Il y a quelques jours, l’actualité était dominée par la crise de pénurie de carburant. Des échauffourées ont eu lieu dans les pompes à essence. Le mouvement "Gallon jaune" ressurgit dans le décor. Les automobilistes tournent en rond. Le prix du gallon à essence a augmenté. Celui du propane aussi. Certaines lignes aériennes s’approvisionnent en République Dominicaine. Des camions à essence sont détournés par les bandits de Martissant, au su et au vu des autorités. Le Crash du petit avion sur la route des rails dans la commune de Carrefour, banlieue Sud de Port-au-Prince, qui a fait six morts en avril dernier, allonge la liste des victimes de la tragédie haïtienne. Comme si cela ne suffisait pas, il y a la guerre des gangs dans nombre de quartiers de la capitale. Le robinet éjecte du sang dans la Plaine du Cul de Sac. Le bilan fait état de près de cent morts au sein de la population civile. Des enfants sont traumatisés. Ils risquent de perdre l'année académique tant les pressions et les douleurs sont fortes. Nombreuses sont les familles qui ont laissé la Plaine depuis peu. Elles sont à la recherche d’un ailleurs meilleur. L’on dit que partir, c’est mourir un peu. Ces familles partent sans but. Sans destination.
Dans ce contexte incertain, certains tribunaux sont dévalisés. Des dossiers importants sont disparus. Les acteurs de l’accord de Montana ont repris les discussions avec le PM de facto Ariel Henry. Pour dire quoi en somme? Personne ne le sait vraiment. Cependant dans les avenues du pouvoir, chez l’Oncle Sam, l’on s’étonne que les Haïtiens n’arrivent pas à se parler entre eux. Tout n’a aucun sens chez nous, même dans les petits gestes les plus anodins. Les bus Châtelain Tour, Terra Bus, Capital Coach Line assurant le trajet entre Port-au-Prince et la République Dominicaine, ont dans une note de presse, annoncé vouloir suspendre leurs services en raison de la situation sécuritaire qui existe à Croix-des Bouquets et d’autres quartiers avoisinants. Quelle est la réaction de nos dirigeants face à tous ces drames qui annihilent l’homme haïtien dans sa dignité? Personne ne le sait. Silence de cimetière, voire silence complice.

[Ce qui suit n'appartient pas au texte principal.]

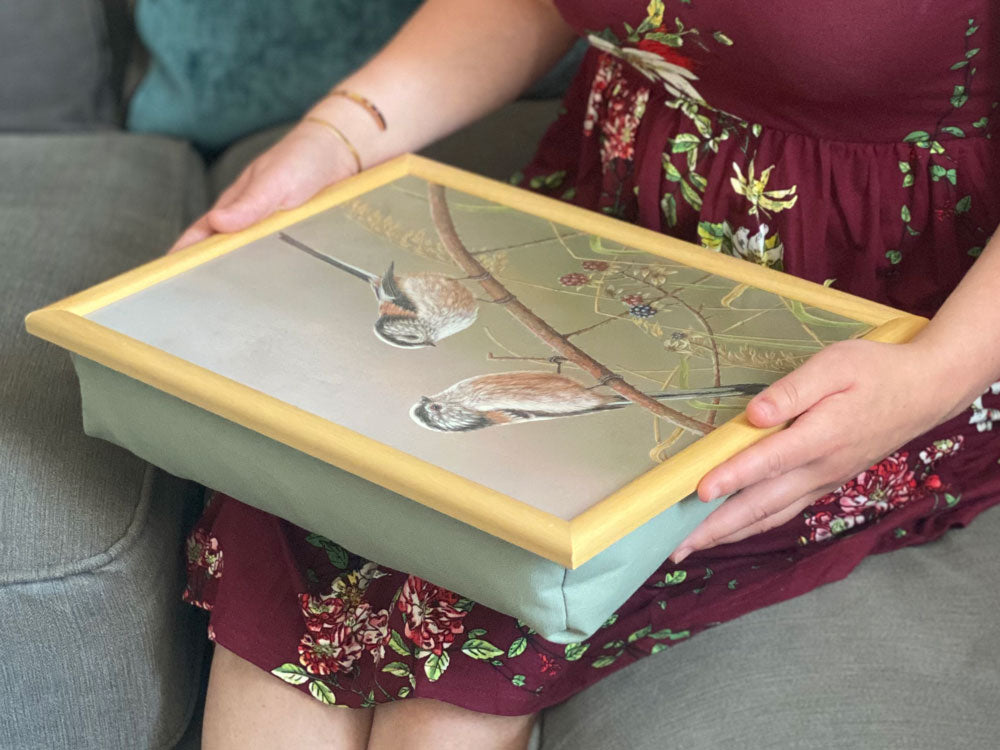 Knietablett mit Schwanzmeise | Luxuriöse Sitzsackpolsterung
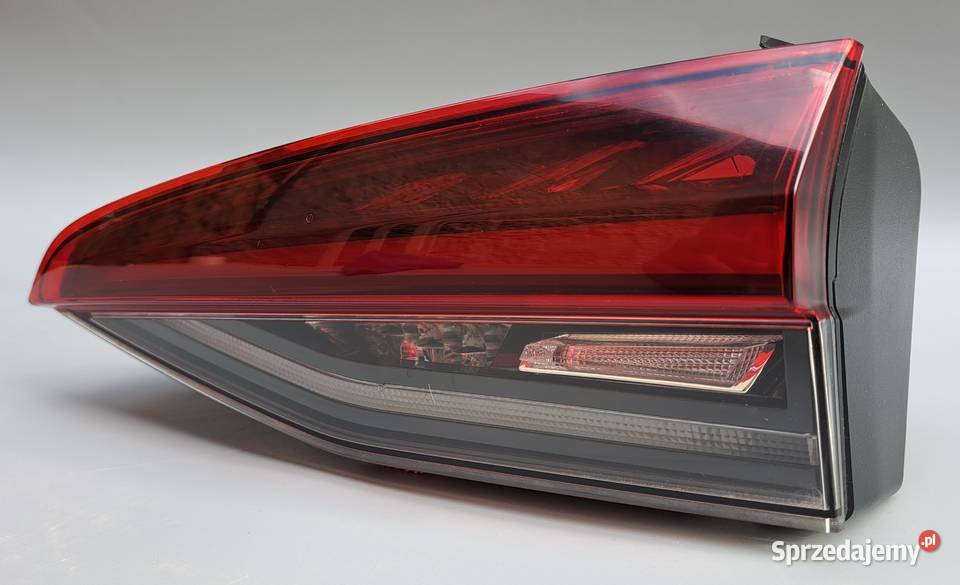 Lampa Tylna Prawa Wewnętrzna Skoda Octavia IV osobowe Mielęcin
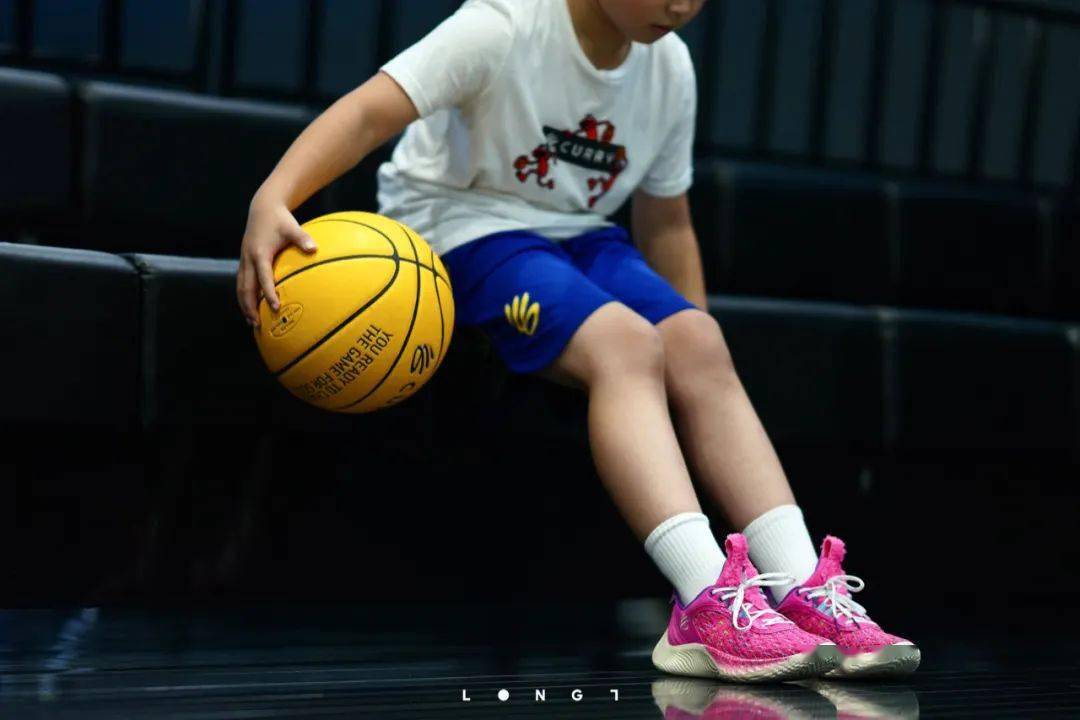 当中国 "小库里" ,遇到一双 "小学生"_curry_宋奕宏_篮球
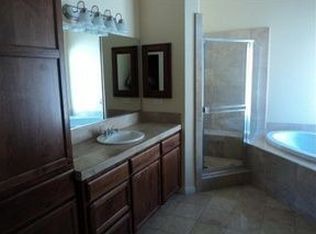 711 Pine Cone St, Shafter, CA 93263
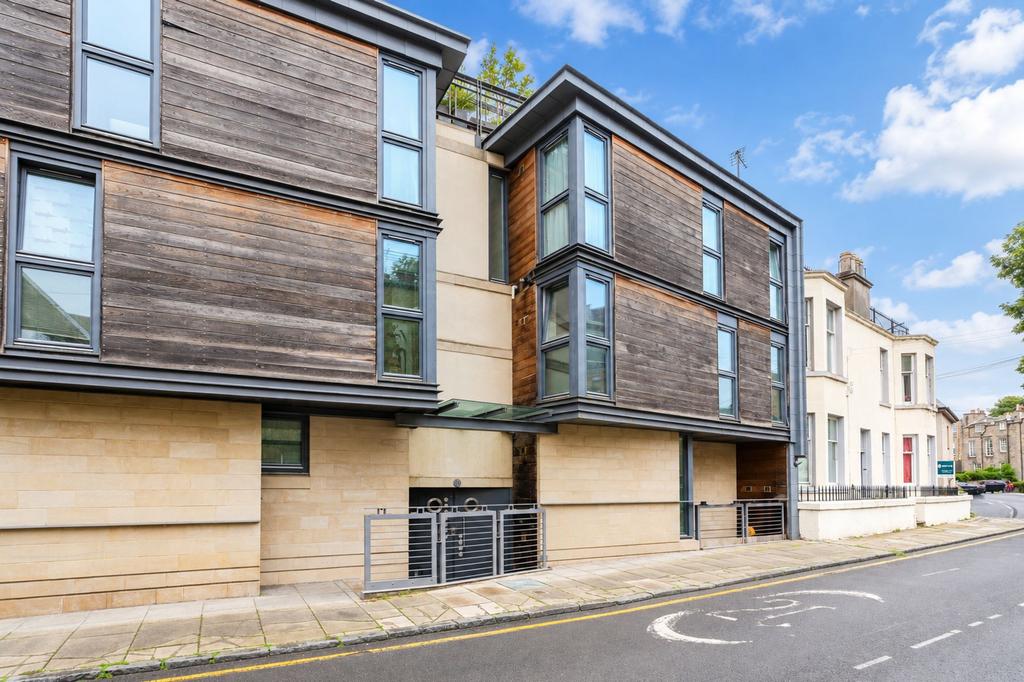 Apartment in Edinburgh, Silvermills, Stockbridge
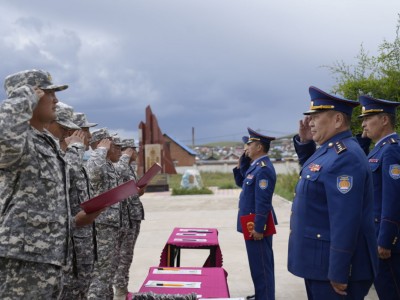 Онцгой байдлын 41 шинэ алба хаагч тангаргаа өргөлөө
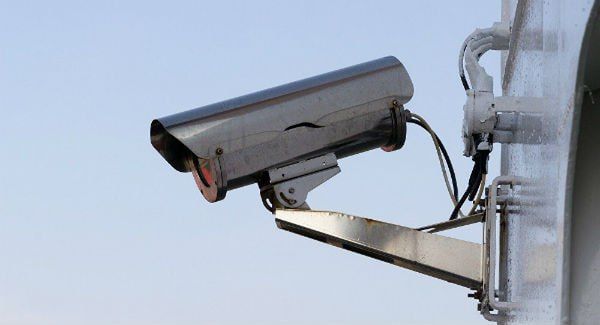 В Верховном Совете прошло первое чтение законопроекта, который позволит фиксировать нарушения пешеходами ПДД с помощью камер системы «Безопасный город»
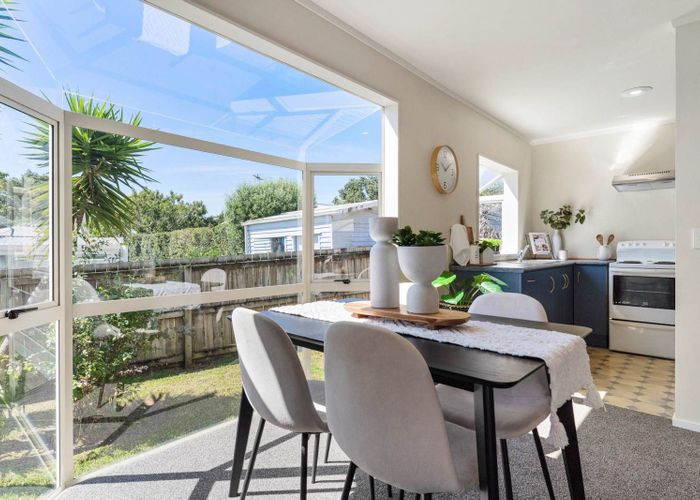  at 11a Gilpin Place, Beach Haven, North Shore City, Auckland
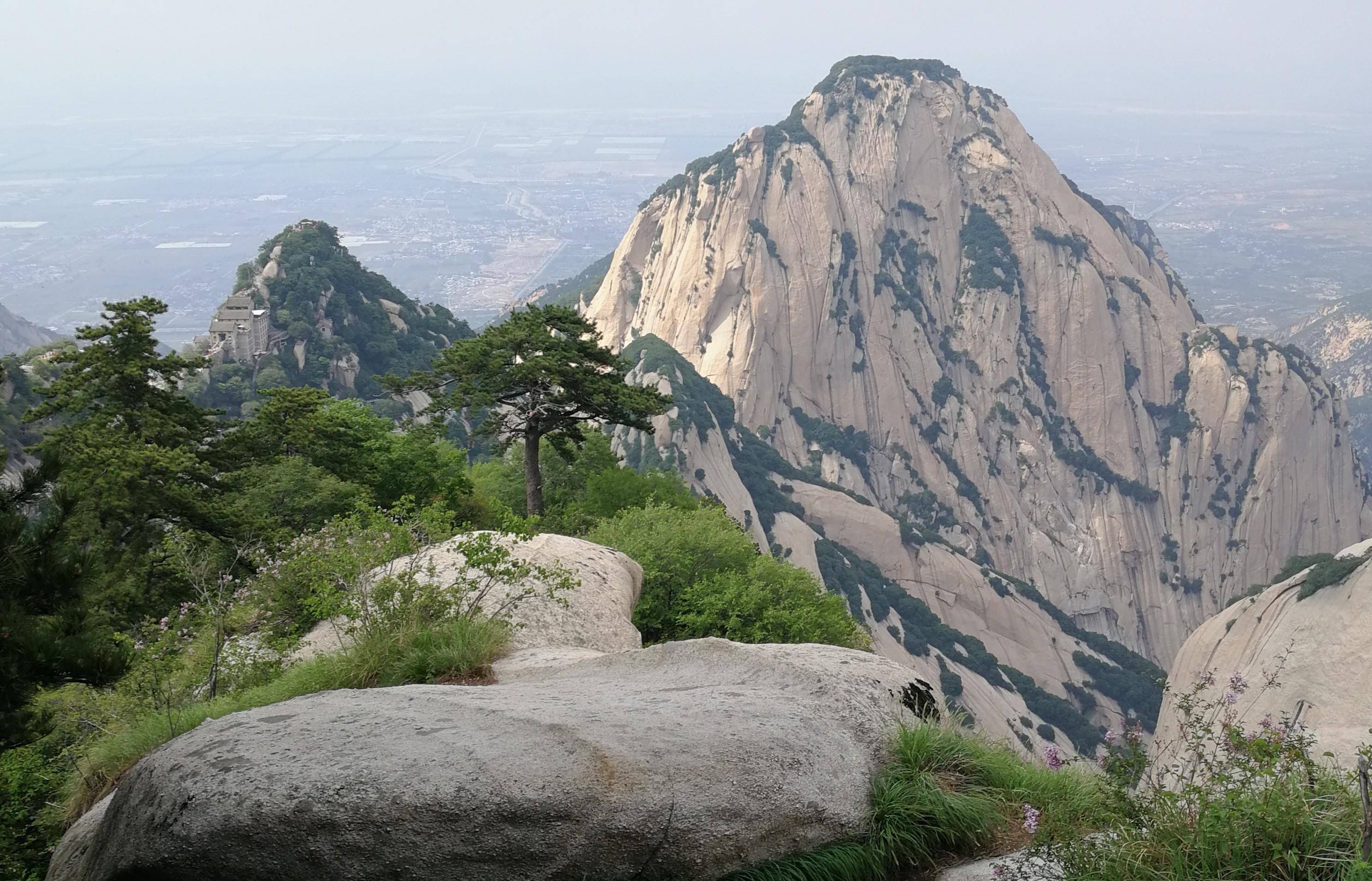 华山是我国第一批国家重点风景名胜区,国家aaaaa级旅游景区,全国重点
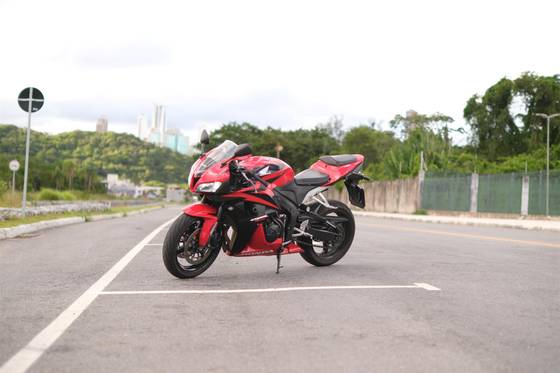 HONDA CBR 600RR HONDA CBR 600RR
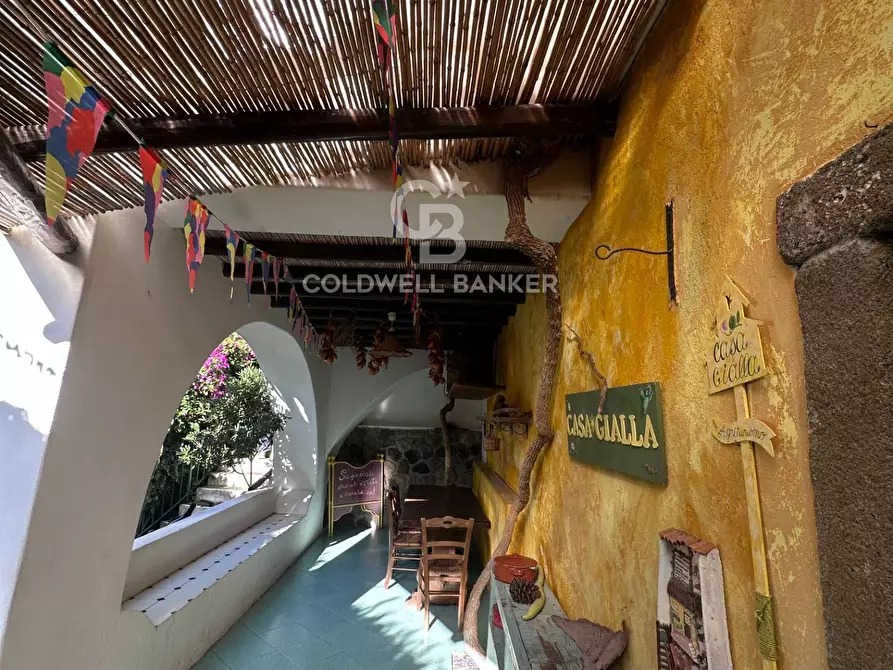 Immagine 4 di Albergo/B&B/Residence in vendita  in VIA VARISANA SOPRA 4 a Lipari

Entre temps, les prix du panier de la ménagère augmentent à un rythme exponentiel. La vie économique devient plus dure. C’est dans ce climat plein de nervosité que le pays a célébré le 18 mai, la fête du drapeau, symbole de nos fiertés, de nos attentes et de notre quête identitaire. Le gouvernement haïtien via le Ministère de la Jeunesse, des Sports et de l’Action civique a eu, à l'occasion, comme slogan : "An n rekoud peyi a”. Encore un slogan de plus qui tombe dans nos oreilles fatiguées, car la refondation du pays devrait être entamée depuis bien longtemps. Et c’est à nous tous, fils et filles de ce pays, à qui il revient l’obligation d'honorer la mémoire de nos ancêtres qui s’étaient réunis à l’Archaie, le 18 mai 1803, pour réfléchir ensemble sur la dernière bataille susceptible de régénérer l’homme haïtien qui vivait depuis des décennies dans. les affres de la servitude.